When the platform can’t distinguish between right and wrong, the human moderator steps in and either deletes the post themselves, or alerts the brand with a phonecall, if the issue is serious enough. A serious issue is defined as something the company needs to respond to immediately, such as a customer suffering an adverse reaction due to using their product, or a personal  threat being directed at one of the executives.

Outbound content monitoring:

Crisp’s latest offering is outbound social content monitoring. This service helps brands avoid situations where they post (either inadvertently or intentionally) offensive content or material that is non-compliant according to their industry regulations. Crisp has specially trained moderators who can identify non-compliant material for companies in financial or healthcare industries, either deleting them immediately or alerting the responsible people. This type of monitoring does not apply to one-on-one conversations or interactions such as customer service responses or live engagement by the social media team. Rather, it’s used to monitor pre-planned campaigns or queued messages.
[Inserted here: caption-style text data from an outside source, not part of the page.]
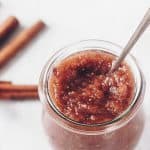 Honey Sweetened Cardamom Fig Jam - This refined sugar free jam is so perfect on toast, crackers, or cheese! Try blue cheese and prosciutto on top of a cracker with a dollop of this jam and you'll be in heaven.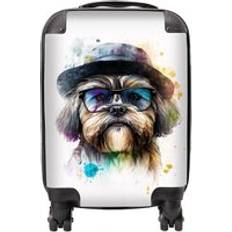 Luggage Warren Reed Lhasa Apso Dog Splashart Suitcase Small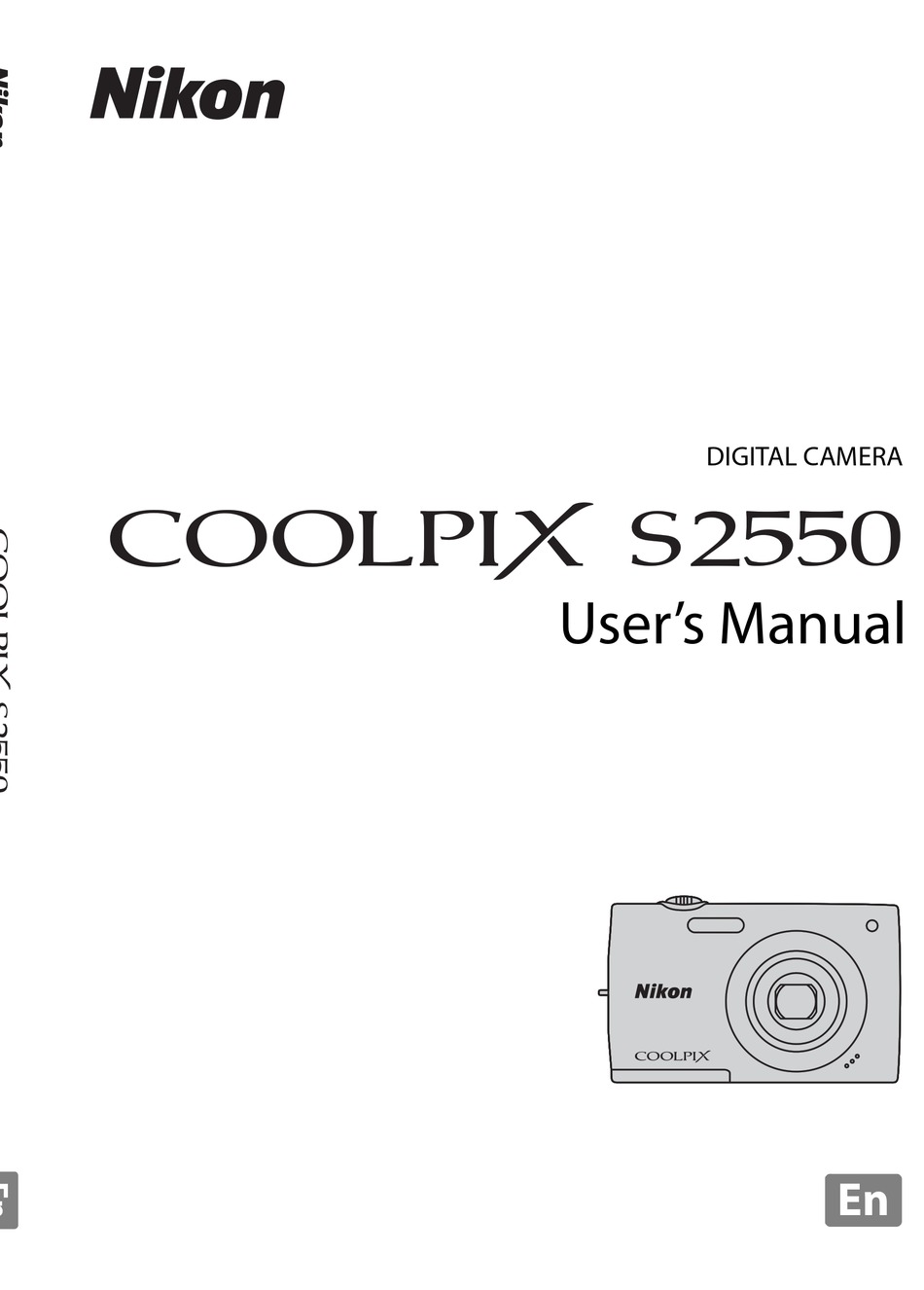 diameter Leuk vinden Tegenstander NIKON COOLPIX S2550 USER MANUAL Pdf Download | ManualsLib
It’s tempting to question why a team of international moderators is needed to monitor something a social media team has already scrutinized and decided to post ahead of time, but brands have been known to screw these things up. Most recently, US Airways suffered a great deal of embarrassment when a pornographic picture was accidentally attached to one of its outgoing tweets. Hildreth says if it had been using Crisp, the tweet would never have been sent out.

Gaming and Children:

Crisp’s other services include monitoring of communication in online gaming and digital areas being used by children, protecting them from cheating, hate speech, game hacking and online predators.

Who’s using it:

Major clients of the Crisp platform include Warner Bros., Red Bull, In-N-Out Burger, Sony and British Airways.

Competitors:

Socialware provides internal moderation for industry compliance in social media, and Sprinklr provides outbound marketing as well as compliance monitoring capabilities.

Evaluation:

Could a brand monitor all the content on its own social media channels using a regular social media monitoring platform (Radian6, Sprinklr etc)? Probably, admits Crisp’s Hildreth. But that type of monitoring ends when the social media or customer service team goes home. Hildreth says the real value of Crisp is its 24/7 vigilance, which crucially allows companies to respond to things that could damage their reputation within 15 minutes, rather than allowing them to escalate through inaction.

Crisp’s function isn’t optimized for outbound marketing, and its monitoring is only restricted to a brand’s owned channels. That means technically, this kind of monitoring can be done by a brand’s own internal team. However, getting rid of abusive content, counterfeit products and generally offensive behavior all allow the marketing team to concentrate on pushing their messages through, without having to be in reactive mode all the time, and that’s where Crisp’s added value lies. It’s a tricky concept to trust an algorithm and a group of moderators halfway around the world to make sure your social media properties remain clean, but it makes sense for global brands who aren’t yet big enough to have a social media team that’s always on.